*Exercise instructions*
Only one stretch of the data below should be repeated: the lines from the line containing "UNH's dance team by the ocean" through the line containing "a small kitchen", inclusive, exactly as they are.
━━━ Dataset extract ━━━
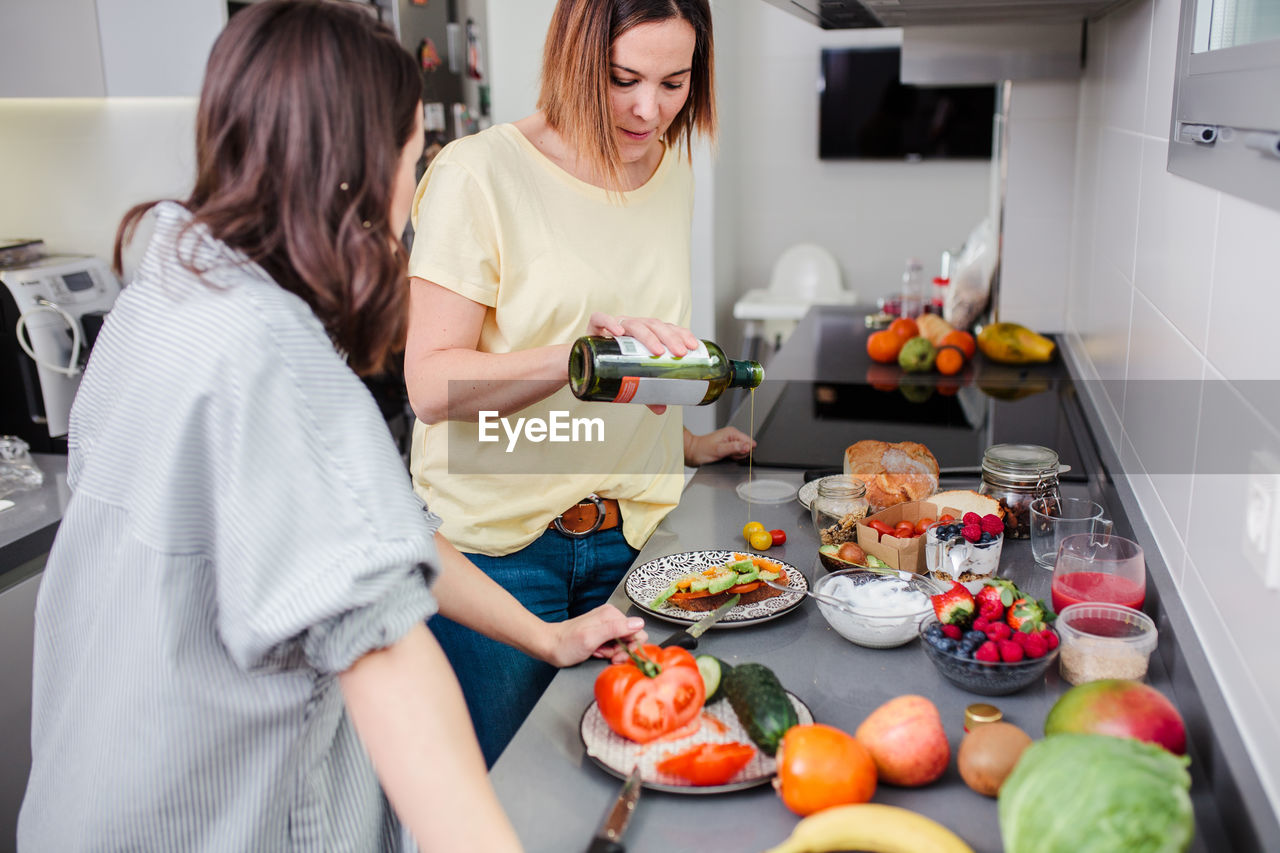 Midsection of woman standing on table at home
━━━
━━━ Dataset extract ━━━
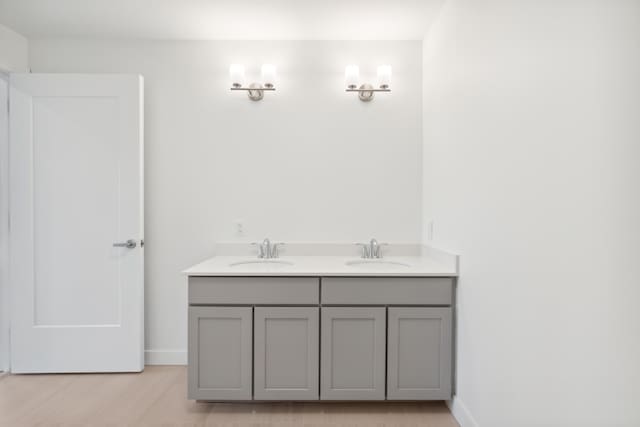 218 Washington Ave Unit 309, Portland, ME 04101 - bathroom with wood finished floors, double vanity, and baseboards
━━━
━━━ Dataset extract ━━━
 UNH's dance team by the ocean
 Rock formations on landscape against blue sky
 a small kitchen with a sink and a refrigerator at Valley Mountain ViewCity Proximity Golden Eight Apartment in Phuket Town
━━━
*Output for this exercise*
 UNH's dance team by the ocean
 Rock formations on landscape against blue sky
 a small kitchen with a sink and a refrigerator at Valley Mountain ViewCity Proximity Golden Eight Apartment in Phuket Town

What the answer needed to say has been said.